I don’t think that such a post would imply “in order to get humans to believe them” anywhere near as much as this one did. Not every post implies the same things, after all!
Jiro
I wasn’t talking about human behavior or psychology.
If you do not intend to get humans to believe the arguments, you are correct that epistemic learned helplessness doesn’t apply. I do find this sort of odd, however.
To elaborate on my objection: you seem to be making extremely fine distinctions that have no practical difference whatsoever.
Heated rhetoric leads to violence because the more urgent and the more threatening you make something sound, the more you encourage people to take matters into their own hands. It’s not possible to claim that a small group of people may be leading to the extinction of humanity without encouraging violence, because the urgency and the size of the threat go hand in hand with using violence to stop it.

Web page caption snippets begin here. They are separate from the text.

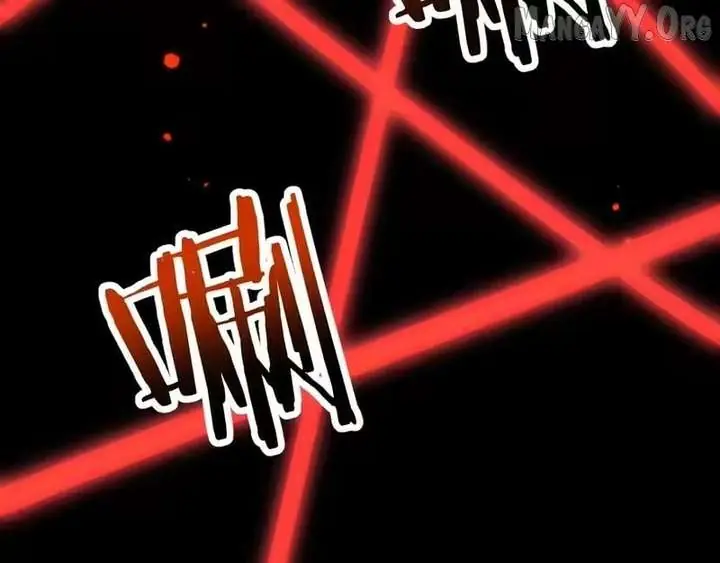 From Goblin to Goblin God Chapter 98 Page 31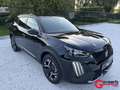Peugeot 2008 GT HyBrid Noir - thumbnail 8
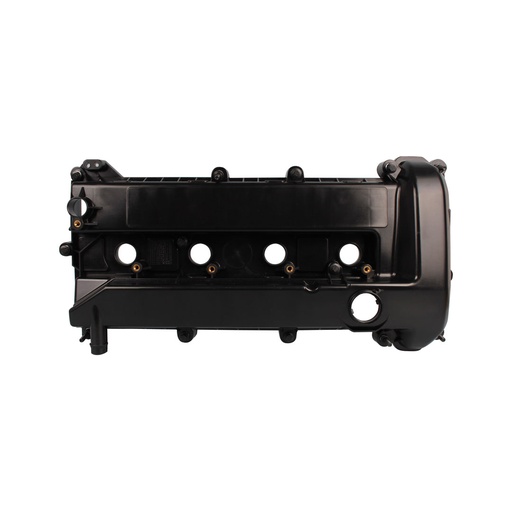 [5S6G6M293AFi] 5S6G6M293AFi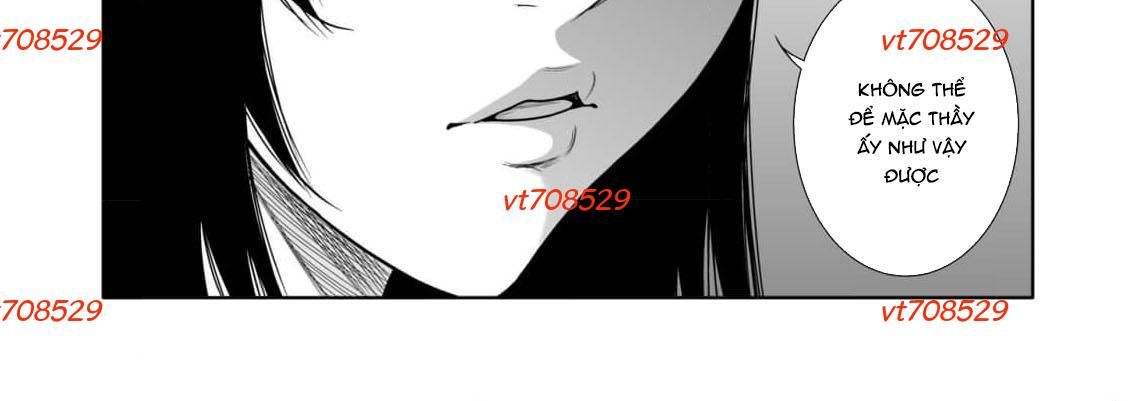 Chương 21.1 - Trang 30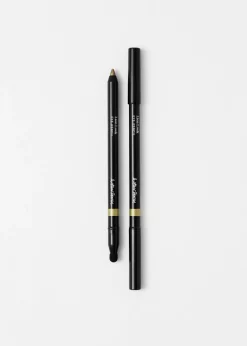 & Other Stories Kajalstift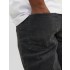 JackJonesJuniorjeans-0735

You seem to think that just because you don’t say some magic words like “murderer”, then you haven’t encouraged violence. I don’t really see any reasoning here as to why these words are much worse than the ones you think are okay to use. Just because you don’t call someone evil doesn’t mean you aren’t pushing the urgency of “we’re all going to die unless we do something” and thus leading to violence. My only guess here is that since people think it’s okay to kill murderers, calling someone a murderer encourages violence. But people also think it’s okay to kill someone who poses a huge, urgent, threat.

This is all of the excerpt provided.